Start of EXCERPTED RECORDS
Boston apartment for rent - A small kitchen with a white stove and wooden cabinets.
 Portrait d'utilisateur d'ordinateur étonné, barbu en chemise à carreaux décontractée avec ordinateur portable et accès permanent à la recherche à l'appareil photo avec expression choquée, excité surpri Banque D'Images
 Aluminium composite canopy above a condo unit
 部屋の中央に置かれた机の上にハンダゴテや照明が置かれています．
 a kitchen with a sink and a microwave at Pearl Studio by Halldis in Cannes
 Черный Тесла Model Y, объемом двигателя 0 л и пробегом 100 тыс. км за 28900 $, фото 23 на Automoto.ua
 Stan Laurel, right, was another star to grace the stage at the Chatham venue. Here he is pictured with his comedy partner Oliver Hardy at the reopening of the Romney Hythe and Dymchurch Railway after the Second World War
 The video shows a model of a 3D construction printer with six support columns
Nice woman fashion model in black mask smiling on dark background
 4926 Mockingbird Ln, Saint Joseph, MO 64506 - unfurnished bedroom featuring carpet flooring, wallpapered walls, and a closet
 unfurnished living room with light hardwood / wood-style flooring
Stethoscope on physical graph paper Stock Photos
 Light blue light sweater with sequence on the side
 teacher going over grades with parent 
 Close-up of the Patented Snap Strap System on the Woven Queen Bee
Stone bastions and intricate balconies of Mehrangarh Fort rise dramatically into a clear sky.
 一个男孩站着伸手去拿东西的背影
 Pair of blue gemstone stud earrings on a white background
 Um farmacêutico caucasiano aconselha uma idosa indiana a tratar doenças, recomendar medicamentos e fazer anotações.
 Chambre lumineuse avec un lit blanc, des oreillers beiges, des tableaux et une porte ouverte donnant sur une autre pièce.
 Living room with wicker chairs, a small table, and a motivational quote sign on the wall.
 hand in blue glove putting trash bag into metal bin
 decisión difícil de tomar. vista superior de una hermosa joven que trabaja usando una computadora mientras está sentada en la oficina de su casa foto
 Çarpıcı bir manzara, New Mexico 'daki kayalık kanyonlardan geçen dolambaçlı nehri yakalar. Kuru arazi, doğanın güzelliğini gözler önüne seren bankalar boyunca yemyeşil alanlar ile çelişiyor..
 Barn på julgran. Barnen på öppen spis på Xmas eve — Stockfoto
End of EXCERPTED RECORDS
Return the material exactly as it stands above, but only from its first line to the line containing "Um farmacêutico caucasiano", both ends included.

▶ [TASK RESULT]:
Boston apartment for rent - A small kitchen with a white stove and wooden cabinets.
 Portrait d'utilisateur d'ordinateur étonné, barbu en chemise à carreaux décontractée avec ordinateur portable et accès permanent à la recherche à l'appareil photo avec expression choquée, excité surpri Banque D'Images
 Aluminium composite canopy above a condo unit
 部屋の中央に置かれた机の上にハンダゴテや照明が置かれています．
 a kitchen with a sink and a microwave at Pearl Studio by Halldis in Cannes
 Черный Тесла Model Y, объемом двигателя 0 л и пробегом 100 тыс. км за 28900 $, фото 23 на Automoto.ua
 Stan Laurel, right, was another star to grace the stage at the Chatham venue. Here he is pictured with his comedy partner Oliver Hardy at the reopening of the Romney Hythe and Dymchurch Railway after the Second World War
 The video shows a model of a 3D construction printer with six support columns
Nice woman fashion model in black mask smiling on dark background
 4926 Mockingbird Ln, Saint Joseph, MO 64506 - unfurnished bedroom featuring carpet flooring, wallpapered walls, and a closet
 unfurnished living room with light hardwood / wood-style flooring
Stethoscope on physical graph paper Stock Photos
 Light blue light sweater with sequence on the side
 teacher going over grades with parent 
 Close-up of the Patented Snap Strap System on the Woven Queen Bee
Stone bastions and intricate balconies of Mehrangarh Fort rise dramatically into a clear sky.
 一个男孩站着伸手去拿东西的背影
 Pair of blue gemstone stud earrings on a white background
 Um farmacêutico caucasiano aconselha uma idosa indiana a tratar doenças, recomendar medicamentos e fazer anotações.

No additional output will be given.